At the Noordbrabants Museum in ‘s-Hertogenbosch
13th March to 19th September
With Eva Jospin, the museum is once again introducing an internationally rising star in the Netherlands. With space-filling installations made of simple cardboard, Jospin creates forests, temples, ruins and caves. Eva Jospin: Paper Tales takes the visitor through a fairy-tale landscape. The exhibition is on view from 13th March to 19th September.
Eva Jospin gained international fame with her monumental reliefs of forests. The sculptures, made entirely of brown cardboard, are impressive not only because of their monumentality but also because of Jospin’s attention to detail. Cardboard turns into rocks, stones and vegetation under Jospin’s hands. In a meticulous process of cutting, cutting and overlaying, Jospin evokes the magic of illusion and decor with her work.
Working with cardboard
Because the artworks are made of cardboard, they still look fragile despite their size. Cardboard, a biodegradable material, reminds us of transience and the fragility of the ecosystems around us.
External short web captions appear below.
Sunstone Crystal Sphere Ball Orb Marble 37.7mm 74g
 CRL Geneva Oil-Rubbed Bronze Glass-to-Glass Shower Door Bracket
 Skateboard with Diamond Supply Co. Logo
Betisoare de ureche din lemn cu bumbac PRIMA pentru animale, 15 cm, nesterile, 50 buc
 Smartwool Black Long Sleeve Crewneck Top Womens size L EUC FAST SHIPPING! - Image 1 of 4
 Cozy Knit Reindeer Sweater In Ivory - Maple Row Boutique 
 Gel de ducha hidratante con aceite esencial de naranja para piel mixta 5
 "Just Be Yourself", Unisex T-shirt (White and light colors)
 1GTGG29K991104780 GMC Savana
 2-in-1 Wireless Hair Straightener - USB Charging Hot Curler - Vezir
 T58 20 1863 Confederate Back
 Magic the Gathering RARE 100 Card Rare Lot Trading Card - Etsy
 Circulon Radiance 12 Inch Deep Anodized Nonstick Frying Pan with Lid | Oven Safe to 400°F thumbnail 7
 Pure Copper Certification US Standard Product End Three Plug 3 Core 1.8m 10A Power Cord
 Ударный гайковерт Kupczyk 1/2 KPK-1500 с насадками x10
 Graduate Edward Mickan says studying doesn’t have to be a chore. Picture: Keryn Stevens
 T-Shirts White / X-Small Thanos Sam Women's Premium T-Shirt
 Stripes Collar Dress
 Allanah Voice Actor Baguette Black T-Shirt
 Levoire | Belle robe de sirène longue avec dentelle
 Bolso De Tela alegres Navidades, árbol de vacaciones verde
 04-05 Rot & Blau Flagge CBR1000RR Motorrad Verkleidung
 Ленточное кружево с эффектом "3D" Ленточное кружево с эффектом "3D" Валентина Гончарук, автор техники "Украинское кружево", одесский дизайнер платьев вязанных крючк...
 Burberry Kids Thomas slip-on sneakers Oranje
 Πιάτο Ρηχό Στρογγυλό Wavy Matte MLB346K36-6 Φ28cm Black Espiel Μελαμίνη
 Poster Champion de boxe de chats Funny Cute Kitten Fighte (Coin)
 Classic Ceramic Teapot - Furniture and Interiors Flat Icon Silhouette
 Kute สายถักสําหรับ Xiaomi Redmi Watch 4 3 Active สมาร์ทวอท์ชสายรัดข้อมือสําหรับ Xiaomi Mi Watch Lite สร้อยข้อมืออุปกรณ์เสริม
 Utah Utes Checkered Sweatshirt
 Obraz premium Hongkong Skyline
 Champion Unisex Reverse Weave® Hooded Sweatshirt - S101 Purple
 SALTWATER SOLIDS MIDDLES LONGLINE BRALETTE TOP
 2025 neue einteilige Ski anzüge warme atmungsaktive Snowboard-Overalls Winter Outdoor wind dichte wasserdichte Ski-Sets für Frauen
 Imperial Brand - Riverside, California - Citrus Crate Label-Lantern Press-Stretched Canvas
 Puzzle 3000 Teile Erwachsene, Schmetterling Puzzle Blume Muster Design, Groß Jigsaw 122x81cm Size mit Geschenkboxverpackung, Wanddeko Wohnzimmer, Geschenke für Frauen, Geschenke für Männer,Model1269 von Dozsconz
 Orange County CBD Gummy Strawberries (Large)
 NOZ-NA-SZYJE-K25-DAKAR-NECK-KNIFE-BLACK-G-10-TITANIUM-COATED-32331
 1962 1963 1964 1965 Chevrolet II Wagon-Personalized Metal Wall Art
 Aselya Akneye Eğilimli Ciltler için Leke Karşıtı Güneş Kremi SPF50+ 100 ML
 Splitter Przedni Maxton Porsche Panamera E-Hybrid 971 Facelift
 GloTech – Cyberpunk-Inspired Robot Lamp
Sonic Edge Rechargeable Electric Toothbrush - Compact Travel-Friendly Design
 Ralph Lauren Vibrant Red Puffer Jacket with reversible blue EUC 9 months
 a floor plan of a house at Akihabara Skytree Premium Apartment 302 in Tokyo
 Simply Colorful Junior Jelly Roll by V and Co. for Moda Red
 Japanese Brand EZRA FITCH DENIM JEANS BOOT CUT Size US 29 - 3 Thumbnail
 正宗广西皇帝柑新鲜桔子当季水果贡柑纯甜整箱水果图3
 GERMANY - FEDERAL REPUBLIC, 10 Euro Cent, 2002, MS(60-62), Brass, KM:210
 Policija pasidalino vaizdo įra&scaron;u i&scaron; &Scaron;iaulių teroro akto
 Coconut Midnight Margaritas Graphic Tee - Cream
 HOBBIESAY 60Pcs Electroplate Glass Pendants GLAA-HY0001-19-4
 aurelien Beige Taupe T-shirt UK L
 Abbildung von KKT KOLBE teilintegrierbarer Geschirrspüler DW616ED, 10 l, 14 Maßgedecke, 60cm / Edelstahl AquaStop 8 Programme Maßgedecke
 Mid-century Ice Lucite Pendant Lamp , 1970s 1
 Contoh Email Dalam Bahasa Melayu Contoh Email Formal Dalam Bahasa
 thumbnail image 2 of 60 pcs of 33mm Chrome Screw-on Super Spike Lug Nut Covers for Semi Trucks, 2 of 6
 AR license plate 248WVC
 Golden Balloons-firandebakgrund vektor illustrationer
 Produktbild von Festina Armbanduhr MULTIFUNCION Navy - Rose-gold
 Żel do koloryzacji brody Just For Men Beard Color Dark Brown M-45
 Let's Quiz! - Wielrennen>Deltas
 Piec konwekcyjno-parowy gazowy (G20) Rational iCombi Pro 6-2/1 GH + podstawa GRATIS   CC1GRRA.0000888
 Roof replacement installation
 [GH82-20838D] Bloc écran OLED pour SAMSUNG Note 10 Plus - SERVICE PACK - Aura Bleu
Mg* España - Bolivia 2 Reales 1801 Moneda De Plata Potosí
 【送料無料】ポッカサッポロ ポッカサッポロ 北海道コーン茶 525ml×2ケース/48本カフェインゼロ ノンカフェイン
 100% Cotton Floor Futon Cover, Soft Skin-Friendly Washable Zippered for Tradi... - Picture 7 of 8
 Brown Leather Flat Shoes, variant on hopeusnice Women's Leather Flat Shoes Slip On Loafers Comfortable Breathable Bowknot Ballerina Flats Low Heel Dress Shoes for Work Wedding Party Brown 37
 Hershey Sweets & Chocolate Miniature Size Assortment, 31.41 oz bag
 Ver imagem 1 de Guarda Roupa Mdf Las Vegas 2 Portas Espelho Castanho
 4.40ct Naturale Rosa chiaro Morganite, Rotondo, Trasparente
Jospin’s work also reveals the intrinsic value of cardboard: a well-known and trusted material without any aesthetic quality but with unimagined possibilities. At the same time, it is also somewhat alienating, because in these works of art cardboard functions as a replacement for an earlier form of itself, namely wood.
About Eva Jospin
Eva Jospin (Paris 1975) is a visual artist with a background in architecture, an interest that is clearly visible in her work. In 2015 she won the Prix de l’Académie des Beaux-Arts. Eva Jospin has realized monumental installations all over France: on the Cour Carrée in the Louvre, the Domaine de Trévarez in Chaumont-sur-Loire, in the Beaupassage in Paris, at the Biennale for Landscape and Architecture in Versailles and on Voyage, an exhibition of public sculpture in Nantes. She has had successful international exhibitions at Museum Pfalzgalerie Kaiserslautern, Grand Palais and the Manufacture des Gobelins both in Paris.
Made possible thanks to
The term “surprising” certainly applies to the exhibitions that Het Noordbrabants Museum organizes annually in collaboration with the Renschdael Art Foundation. These are exhibitions by successful foreign artists to whom a solo exhibition has not previously been dedicated in the Netherlands. Previously, the Chinese Shao Fan (2020), the Iranian-American Ali Banisadr (2019), the Indian Manish Nai (2018), the Japanese Chiharu Shiota (2017) and the Northern Irish Claire Morgan (2016) made their debut at Het Noordbrabants Museum.